*Data for the task*
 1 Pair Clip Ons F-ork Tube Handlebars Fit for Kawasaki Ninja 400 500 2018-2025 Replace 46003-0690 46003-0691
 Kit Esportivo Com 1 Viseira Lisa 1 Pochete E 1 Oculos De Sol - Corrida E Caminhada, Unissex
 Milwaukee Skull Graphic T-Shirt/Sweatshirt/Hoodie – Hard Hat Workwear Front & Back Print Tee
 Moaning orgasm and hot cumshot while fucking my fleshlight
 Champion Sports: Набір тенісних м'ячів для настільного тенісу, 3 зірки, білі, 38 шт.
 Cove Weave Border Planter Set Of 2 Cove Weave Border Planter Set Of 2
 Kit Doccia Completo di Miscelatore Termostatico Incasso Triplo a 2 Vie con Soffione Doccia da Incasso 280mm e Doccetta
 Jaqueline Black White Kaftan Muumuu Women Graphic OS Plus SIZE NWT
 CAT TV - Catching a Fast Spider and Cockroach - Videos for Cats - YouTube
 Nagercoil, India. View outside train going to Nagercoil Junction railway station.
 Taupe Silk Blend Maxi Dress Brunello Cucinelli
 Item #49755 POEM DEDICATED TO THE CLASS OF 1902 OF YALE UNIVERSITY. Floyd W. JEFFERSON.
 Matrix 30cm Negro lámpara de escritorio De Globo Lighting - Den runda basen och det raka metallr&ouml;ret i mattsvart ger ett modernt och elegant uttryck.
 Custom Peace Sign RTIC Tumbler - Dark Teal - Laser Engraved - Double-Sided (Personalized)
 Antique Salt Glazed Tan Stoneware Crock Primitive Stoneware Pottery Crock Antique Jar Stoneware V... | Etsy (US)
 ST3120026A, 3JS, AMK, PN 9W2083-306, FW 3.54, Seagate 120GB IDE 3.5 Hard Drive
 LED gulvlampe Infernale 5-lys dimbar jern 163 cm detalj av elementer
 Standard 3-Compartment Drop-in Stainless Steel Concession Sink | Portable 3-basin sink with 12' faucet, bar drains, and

*Work instruction*
Say how many lines of the records include the string "Graphic"; the number alone is enough.

*Your solution*
2